The European Union will apply 25% “rebalancing” tariffs on a range of products imported from the U.S., including seven categories of fasteners, effective June 22, Fastener + Fixing Magazine reports.

The list of products include seven fastener CN codes:

  • 73181410– self tapping screws of iron or steel, other than stainless (not woodscrews)
  • 73181491– Spaced-thread screws or iron or steel, other than stainless
  • 73181499– Self tapping screws of iron or steel other than stainless
  • 73181640– Blind rivet nuts of iron or steel, other than stainless
  • 73181660– Self-locking nuts of iron or steel other than stainless
  • 73181699– Nuts of iron or steel, other than stainless, with inside diameter <=12mm
  • 73181699– Nuts of iron or steel, other than stainless, with inside diameter >12mm

The tariffs are in response to the Section 232 tariffs applied by President Donald Trump to steel and aluminum on the grounds of national security. Announced in March, the tariffs were applied to U.S. allies, including Canada, Mexico, and the EU, on June 1 after an initial month-long exemption.

The rules of international trade, which we have developed over the years hand in hand with our American partners, cannot be violated without a reaction from our side,” stated EU Commissioner for Trade Cecilia Malmström.

The EU measures, worth a collective EUR 6.4 billion, will be effective “for as long as the U.S. measures are in place, in line with the WTO Safeguards Agreement and EU legislation,” according to Fastener + Fixing. Canada and Mexico have also announced tariffs on a range of products, though at this time none of those measures appear to specifically target fasteners.

“Needless to say, if the U.S. removes its tariffs, our measures will also be removed,” noted Malmström.

The 232 tariffs have been condemned by Senate Republicans and Democrats, who expressed concerns about costs passed on to manufacturers and consumers by higher-priced metals, according to CNBC.

“These tariffs do not support U.S. national security,” Finance Committee Chairman Sen. Orrin Hatch, R-Utah, said. “Instead, they harm American manufacturers, damage our economy, hurt American consumers and disrupt our relationship with long-term allies while giving China a free pass.”

But there is no sign that the Trump administration intends to abandon the tariffs. In fact, Trump continues to tout his administration’s approach to global trade.

“One thing no one talks about are the money pouring into the treasury,” he stated. “These tariffs are billions and billions of dollars.”

The Trump administration has collected more than $775 million from the metals tariffs since they were imposed in March, Bloomberg reports. The total is expected to exceed $1 billion with the next six weeks.

In a June 21 interview with CNBC, Commerce Secretary Wilbur Ross downplayed the tariffs, “saying they would not have a huge impact on product prices and the overall economy,” Reuters reports.

Lawmakers and business leaders have also criticized what they called “a confusing and damaging Trump administration process of imposing tariffs,” CNBC reports.

“At the Commerce Department, officials have been overwhelmed with pleas from U.S. companies for waivers from levies on foreign steel and aluminum that the president introduced in March,” according to the Washington Post.

So far, more than 22,500 exclusion requests from 300 companies have been filed, though less than half have been made available for public comment. Lag time between filing and being published on regulations.gov typically lasts about three weeks.

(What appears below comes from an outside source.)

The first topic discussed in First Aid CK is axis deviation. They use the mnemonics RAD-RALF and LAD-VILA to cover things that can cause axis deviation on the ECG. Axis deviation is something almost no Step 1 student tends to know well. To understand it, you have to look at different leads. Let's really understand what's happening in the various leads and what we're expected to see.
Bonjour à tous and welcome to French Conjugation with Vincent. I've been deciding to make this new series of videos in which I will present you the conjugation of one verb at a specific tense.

Once public, domestic steel manufacturers have 30 days to file an objection, after which Commerce has 90 days to make a decision on each exclusion.

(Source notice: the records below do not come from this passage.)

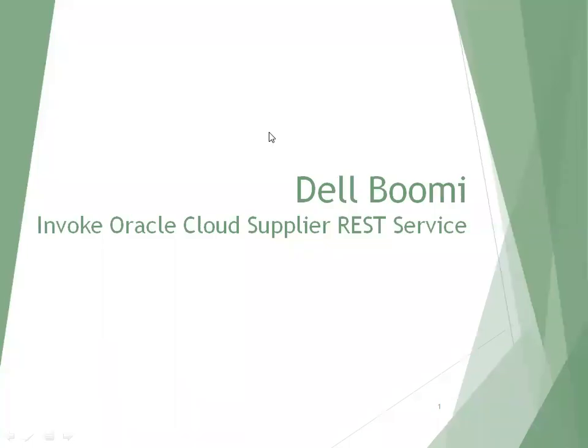Hello all. Welcome to Dell Boomi technical trainings. In this session, we'll discuss about how do we invoke a REST API or REST web service from Dell Boomi.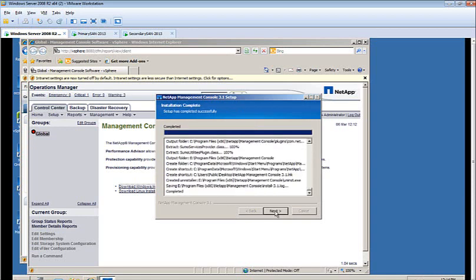Once the installation is completed, you can click Next. And then Finish.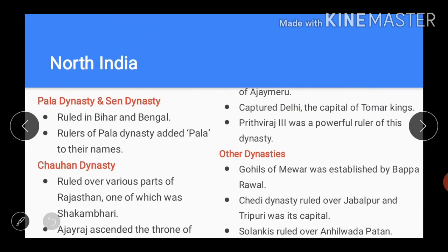Then came the Pala dynasty and the Sen dynasty, which ruled in Bihar and Bengal. The rulers of the Pala dynasty had added 'Pala' to their names, and so their dynasty was known as the Pala dynasty.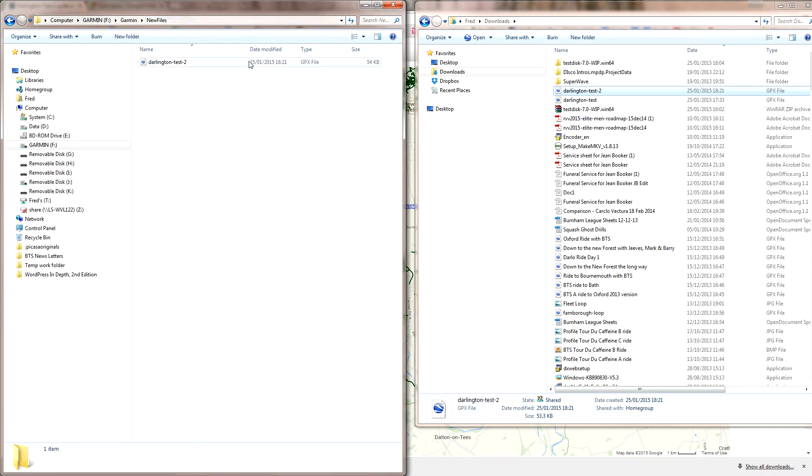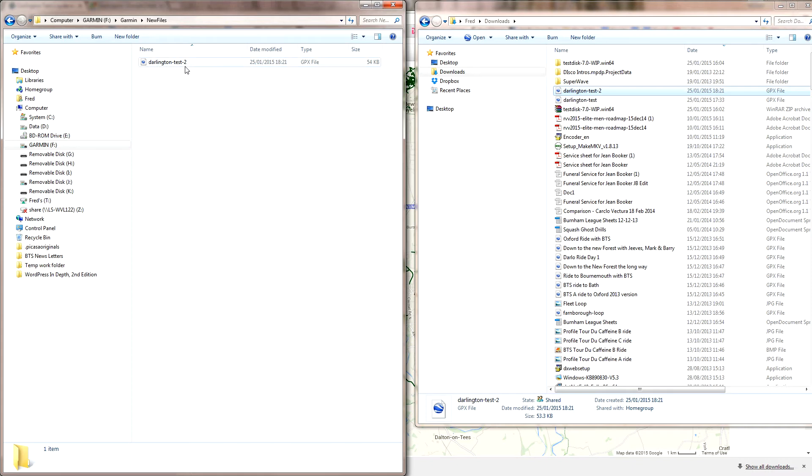When you turn on your Garmin now, you can just disconnect it as you normally would. When you turn on your Garmin, you'll have a course in there and it'll be called Darlington. It only gives you seven letters on mine, they might have sorted it out so you can get a bit longer name now, so you'll see Darlington Test 2 or whichever you wish to call it.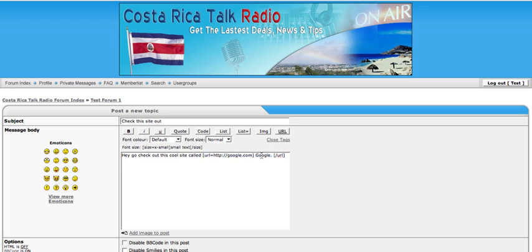So this text right here, 'Google,' is going to be a clickable link. And that's it. It's very simple to do.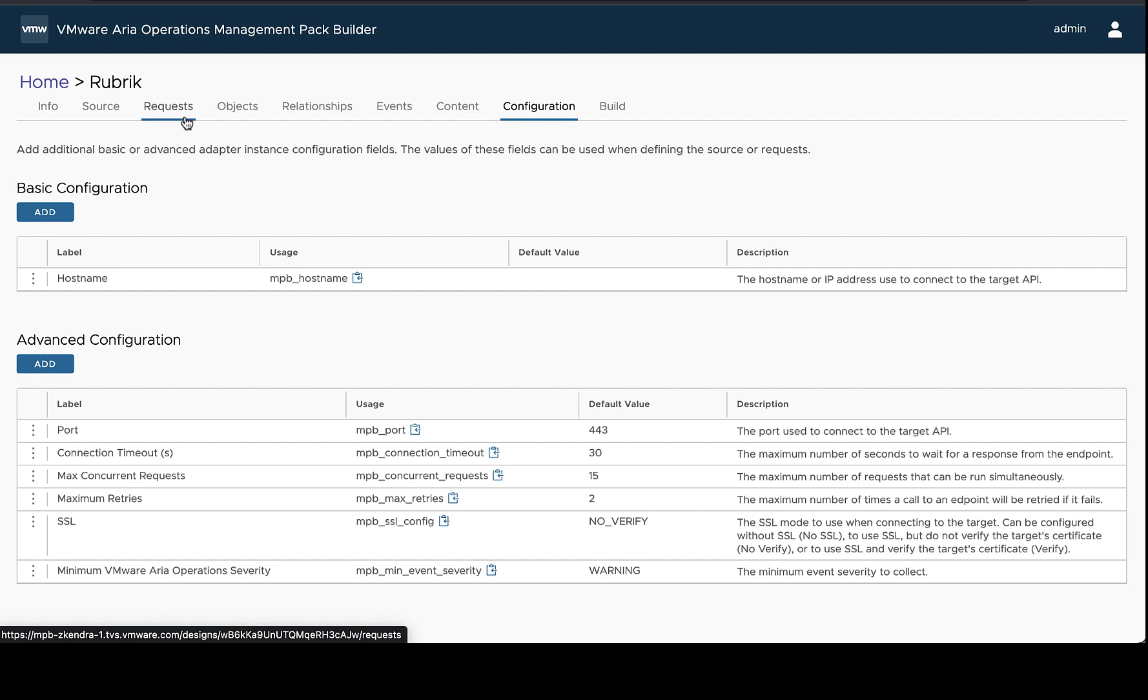In this video I'm going to show how you can add custom configurations to your design in VMware vRealize Operations Management Pack Builder and then how to use that design in your source and request to change the way that the management pack that is built will collect data.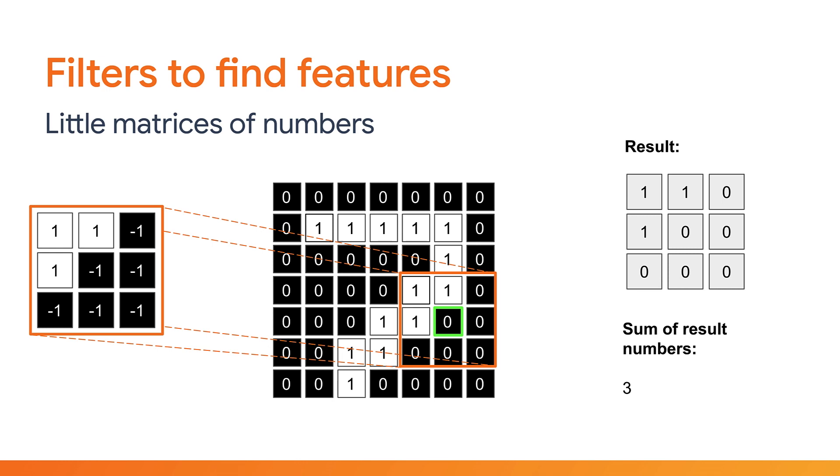So skipping ahead to a different part of the image, let's repeat the maths again. In this case, the sum of the resulting numbers would be 3 as there are 3 ones and the rest are 0. Looks like you've got a much better match than before.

The Industrial Fasteners Institute’s Washington representative Jennifer Baker Reid told GlobalFastenerNews.com in early June that the Commerce Department was already overwhelmed by the exclusion requests, which will only increase now that the 232 tariffs apply to Canada, Mexico, and the EU. Commerce Department officials predict the number of applications will reach 40,000 – more than four times its original estimate.

“The process is broken, it has been overloaded, and that is only going to get worse,” Reid told GlobalFastenerNews.com.

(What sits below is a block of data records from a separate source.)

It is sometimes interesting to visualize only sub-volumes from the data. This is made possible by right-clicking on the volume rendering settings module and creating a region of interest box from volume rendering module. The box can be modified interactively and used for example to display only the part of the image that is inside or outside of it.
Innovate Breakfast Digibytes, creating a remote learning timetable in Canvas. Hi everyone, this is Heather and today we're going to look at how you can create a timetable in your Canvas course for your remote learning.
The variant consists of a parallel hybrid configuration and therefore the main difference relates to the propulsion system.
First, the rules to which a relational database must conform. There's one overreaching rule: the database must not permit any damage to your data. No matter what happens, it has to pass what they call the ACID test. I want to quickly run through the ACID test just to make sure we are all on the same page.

To meet demand, Commerce Department officials have “cobbled together a team of employees and outside contractors with varying levels of technical expertise” to review the waiver requests, a senior department official told the Post.

“Only last week did the department begin training the roughly 30 evaluators who must review 21,000 petitions from U.S. companies that want to continue importing the metals on a duty-free basis, said one senior Commerce Department official,” writes David J. Lynch of the Post.

Many application reviewers working for the Commerce Department reportedly have little metals or manufacturing experience beyond a three-hour crash course given by the department. Once hired, the evaluators “are assigned to review five-page Excel spreadsheet applications from U.S. manufacturers containing detailed descriptions of steel and aluminum products that applicants say cannot be acquired from domestic producers,” according to the Post.

Those spreadsheets include technical details – the 10-digit tariff code for the type of metal they want exempted, its chemical composition, finish, strength and dimensions – leaving “doubts about the evaluators’ ability to render timely and accurate decisions.”

“It’s going to be so unbelievably random, and some companies are going to get screwed,” the senior Commerce Department official told the Post. “These people are making multibillion-dollar, unbelievably uninformed decisions.”